Kika: Abdurrochman (PKB), H. Asmualik (PKS), I Made Rian DK (PDI Perjuangan), dan Rimzah (Gerindra) sebagai empat nama yang direkomendasikam partai untuk menduduki kursi pimpinan DPRD Kota Malang periode 2019-2024 (Pipit Anggraeni/MalangTIMES).
Kika: Abdurrochman (PKB), H. Asmualik (PKS), I Made Rian DK (PDI Perjuangan), dan Rimzah (Gerindra) sebagai empat nama yang direkomendasikam partai untuk menduduki kursi pimpinan DPRD Kota Malang periode 2019-2024 (Pipit Anggraeni/MalangTIMES).

MALANGTIMES - Empat partai pemenang Pemilu Kota Malang telah memutuskan nama yang menjadi perwakilan sebagai unsur pimpinan. 

Keempatnya baru saja ditetapkan dalam rapat internal yang digelar di Gedung DPRD Kota Malang, Selasa (10/9/2019). 

Sidang dipimpin langsung oleh Ketua Sementara DPRD Kota Malang, I Made Rian DK.

Sesuai Surat Keputusan (SK) yang dikeluarkan masing-masing partai, nama yang telah ditetapkan adalah I Made Rian DK sebagai Ketua DPRD Kota Malang (PDI Perjuangan) periode 2019-2024. 

Wakil Ketua I DPRD Kota Malang Abdurrochman (PKB), Wakil Ketua II DPRD Kota Malang H. Asmualik (PKS), dan Wakil Ketua III Rimzah (Gerindra). 

Nama-nama yang dipilih partai pemenang itu dibacakan dan mendapat persetujuan dari seluruh anggota DPRD Kota Malang.
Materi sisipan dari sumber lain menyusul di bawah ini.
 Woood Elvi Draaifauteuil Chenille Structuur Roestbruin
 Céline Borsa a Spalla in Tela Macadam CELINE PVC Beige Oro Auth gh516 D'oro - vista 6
Ditemui usai sidang internal, Ketua Sementara DPRD Kota Malang, I Made Rian DK menyampaikan, seluruh partai telah mengirimkan nama yang dipilih ke DPRD Kota Malang. Terakhir, DPP PDI Perjuangan telah mengirimkan namanya pada Senin (9/9/2019) kemarin. Sehingga, secara internal langsung dilakukan rapat penetapan.

"Hari ini melalui Wali Kota Malang kami akan berkirim surat kepada Gubernur Jawa Timur. Setelah SK turun, maka minggu depan sudah dilantik dan kami bisa bergerak membentuk alat kelengkapan dewan," katanya pada wartawan, Selasa (10/9/2019).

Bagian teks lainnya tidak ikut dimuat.